The present disclosure relates recommendation systems, and for example, to culinary recommendation, that is the recommendation of culinary or food and beverage merchant such as a restaurant, take-away, bar, or similar establishment, or the recommendation of dishes at a culinary merchant.

FIG.1 is a block diagram showing the message flow between a recommendation system according to an embodiment of the present invention and a user device. As shown in FIG.1 , user device 150 associated with a customer or user generates a recommendation request 160, which is sent to the recommendation system 100. The recommendation request 160 comprises an indication of a user identifier 162, an indication of a user location 164 and an indication of a time stamp of the current time 166 at which the recommendation 160 request was generated. The recommendation request 160 may be generated by an application running on the user device 150, for example in response to the user of the user device 150 requesting a culinary recommendation. The recommendation system 100 may provide the functionality of a culinary recommendation platform that allows the customer or user of the user device 150 to make an order at a take-away food merchant or book a table at a restaurant.

In response to receiving the recommendation request 100, the recommendation system 100 generates a recommendation response 170. The recommendation response 170 comprises a ranked list of recommendations 172. The ranked list of recommendations 172 may comprise a ranked list of recommended dishes for the customer or a ranked list of culinary merchants.

FIG.2 is a block diagram showing recommendation system according to an embodiment of the present invention.

The recommendation system 100 comprises a processor 110, a working memory 112, a network interface 114, program storage 120 and data storage 130. The processor 110 may be implemented as one or more central processing unit (CPU) chips. The program storage 120 is a non-volatile storage device such as a hard disk drive which stores computer program modules. The computer program modules are loaded into the working memory 112 for execution by the processor 110. The network interface 114 is an interface that allows the recommendation system 100 to communicate with devices such as the user device 150 shown in FIG.1 .

The program storage 120 stores a neural network training module 122, a clustering module 124, a cluster score module 126 and a recommendation module 128. The computer program modules cause the processor 110 to execute various recommendation and pre-training methods which are described in more detail below. The program storage 120 may be referred to in some contexts as computer readable storage media and/or non-transitory computer readable media.

In addition to the aforementioned modules, the program storage 120 may also store an evaluation module which calculates evaluation metrics (e.g. area under the receiver operating characteristic curve) for each cluster, then aggregates those cluster metrics to summarize the performance of the neural network. This also allows the performance of quality checks to prevent the deployment of models if the performance of one cluster is extremely poor. In contrast to existing evaluation procedures, this implementation allows the performance of specific sub-segments of the dataset to be evaluated.

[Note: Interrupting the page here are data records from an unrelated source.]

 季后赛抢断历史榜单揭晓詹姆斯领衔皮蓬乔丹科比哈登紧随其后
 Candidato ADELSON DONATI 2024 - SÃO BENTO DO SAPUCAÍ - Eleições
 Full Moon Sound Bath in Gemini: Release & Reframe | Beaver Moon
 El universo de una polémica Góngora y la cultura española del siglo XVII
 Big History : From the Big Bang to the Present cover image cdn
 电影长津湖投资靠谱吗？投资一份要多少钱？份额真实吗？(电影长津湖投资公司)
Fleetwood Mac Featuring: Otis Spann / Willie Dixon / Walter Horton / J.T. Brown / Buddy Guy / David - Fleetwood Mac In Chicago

As depicted in FIG.2, the computer program modules are distinct modules which perform respective functions implemented by the recommendation system 100. It will be appreciated that the boundaries between these modules are exemplary only, and that alternative embodiments may merge modules or impose an alternative decomposition of functionality of modules. For example, the modules discussed herein may be decomposed into sub-modules to be executed as multiple computer processes, and, optionally, on multiple computers. Moreover, alternative embodiments may combine multiple instances of a particular module or sub-module. It will also be appreciated that, while a software implementation of the computer program modules is described herein, these may alternatively be implemented as one or more hardware modules (such as field-programmable gate array(s) or application-specific integrated circuit(s)) comprising circuitry which implements equivalent functionality to that implemented in software.

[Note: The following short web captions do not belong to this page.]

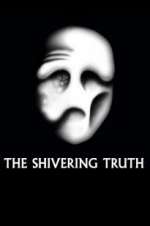 Watch The Shivering Truth 9movies
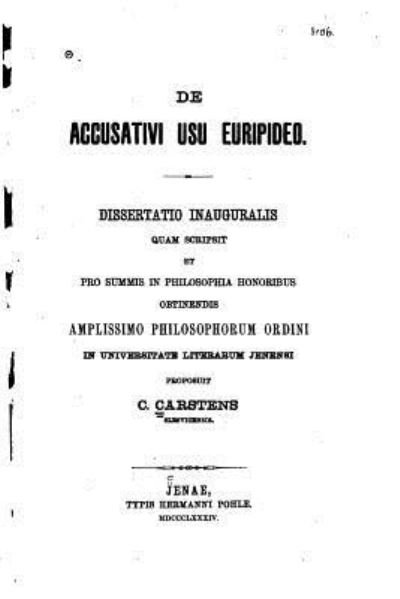 Cover for C Carstens · De accusativi usu Euripideo, Dissertatio inauguralis (Pocketbok) (2015)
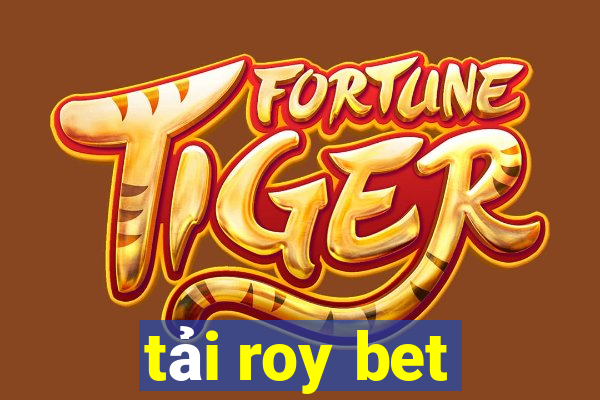 tải roy bet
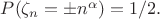 $P(\zeta_n= \pm n^{\alpha})=1/2.$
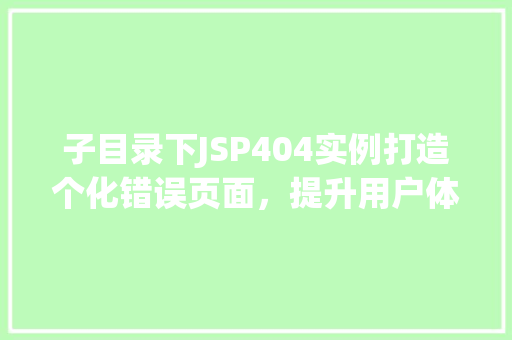 子目录下JSP404实例打造个化错误页面,提升用户体验 子目录下JSP404实例打造个化错误页面,提升用户体验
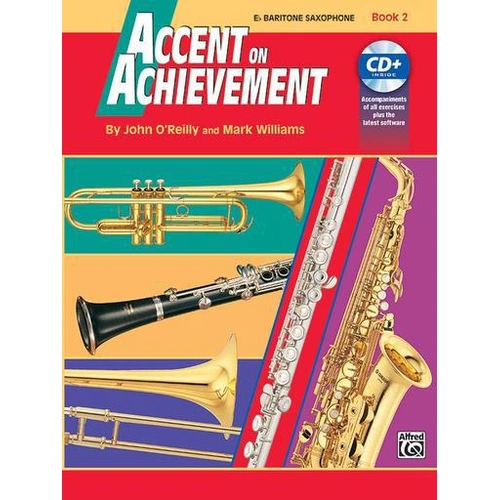 Accent on Achievement Book 2 for Eb Baritone Sax with CD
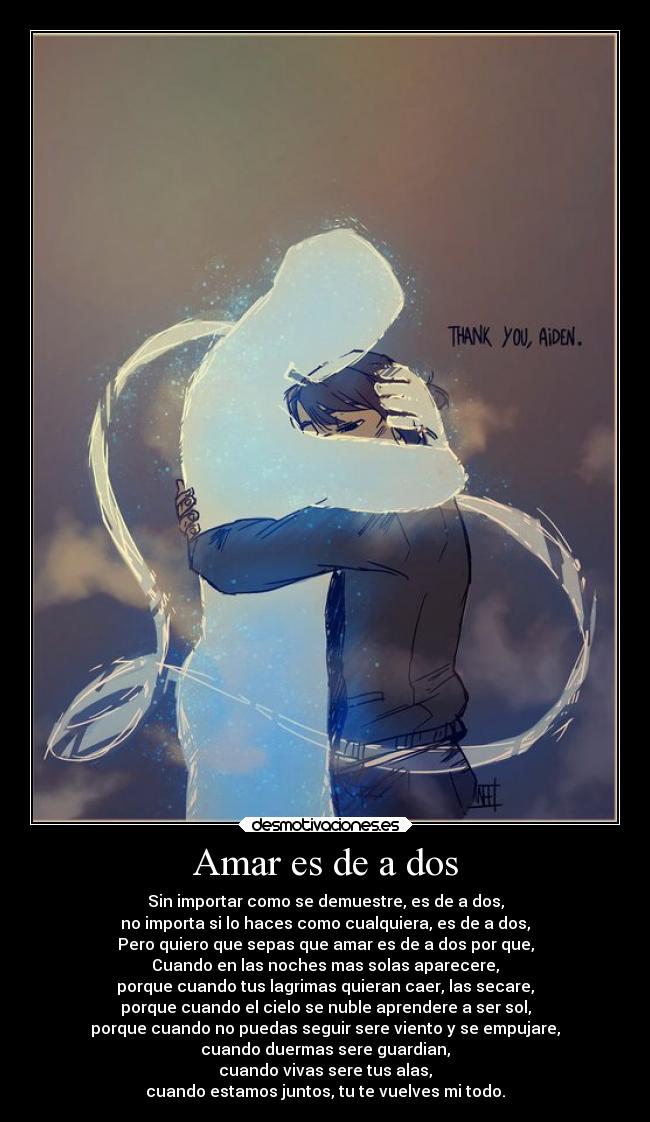 Amar es de a dos - Sin importar como se demuestre, es de a dos,
no importa si lo haces como cualquiera, es de a dos,
Pero quiero que sepas que amar es de a dos por que,
Cuando en las noches mas solas aparecere,
porque cuando tus lagrimas quieran caer, las secare,
porque cuando el cielo se nuble aprendere a ser sol,
porque cuando no puedas seguir sere viento y se empujare,
cuando duermas sere guardian,
cuando vivas sere tus alas,
cuando estamos juntos, tu te vuelves mi todo.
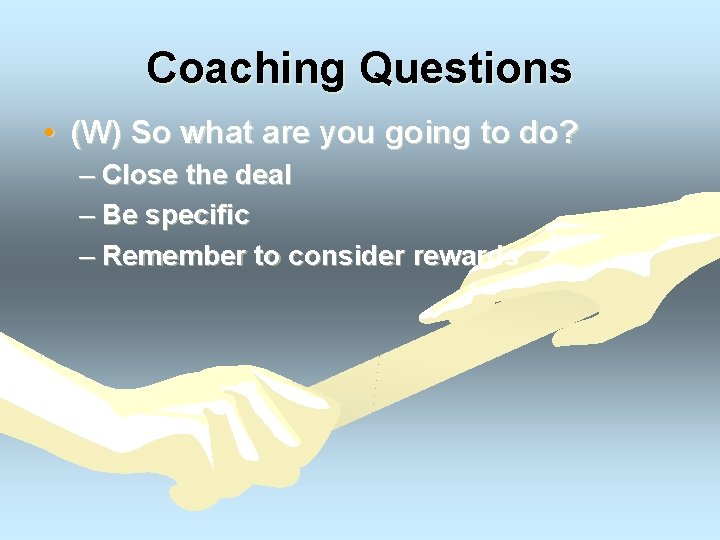 Coaching Questions • (W) So what are you going to do? – Close the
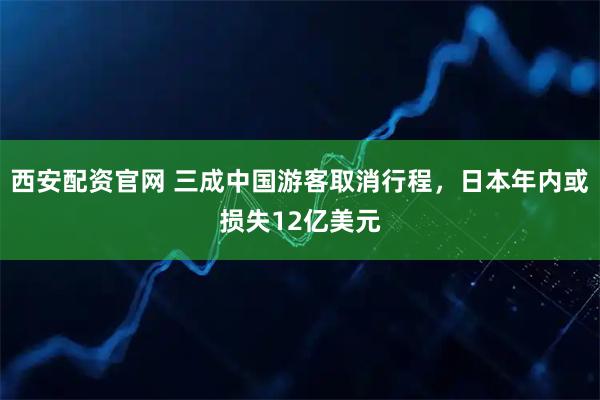 西安配资官网 三成中国游客取消行程，日本年内或损失12亿美元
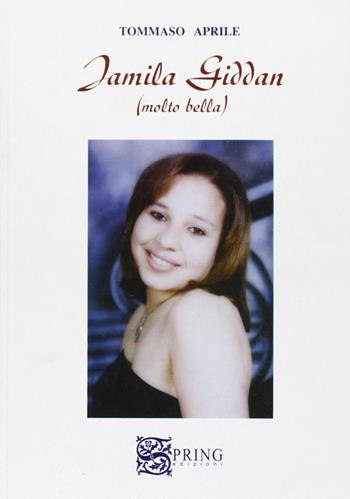 Jamila Giddan. Molto bella - Tommaso Aprile - Libro Spring Edizioni 2005, Biblioteca mobile | Libraccio.it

Although the recommendation system 100 is described with reference to a computer, it should be appreciated that the recommendation system 100 may be formed by two or more computers in communication with each other that collaborate to perform a task. For example, but not by way of limitation, an application may be partitioned in such a way as to permit concurrent and/or parallel processing of the instructions of the application. Alternatively, the data processed by the application may be partitioned in such a way as to permit concurrent and/or parallel processing of different portions of a data set by the two or more computers. In an embodiment, virtualization software may be employed by the recommendation system 100 to provide the functionality of a number of servers that is not directly bound to the number of computers in the recommendation system 100. In an embodiment, the functionality disclosed above may be provided by executing the application and/or applications in a cloud computing environment. Cloud computing may comprise providing computing services via a network connection using dynamically scalable computing resources. A cloud computing environment may be established by an enterprise and/or may be hired on an as-needed basis from a third party provider.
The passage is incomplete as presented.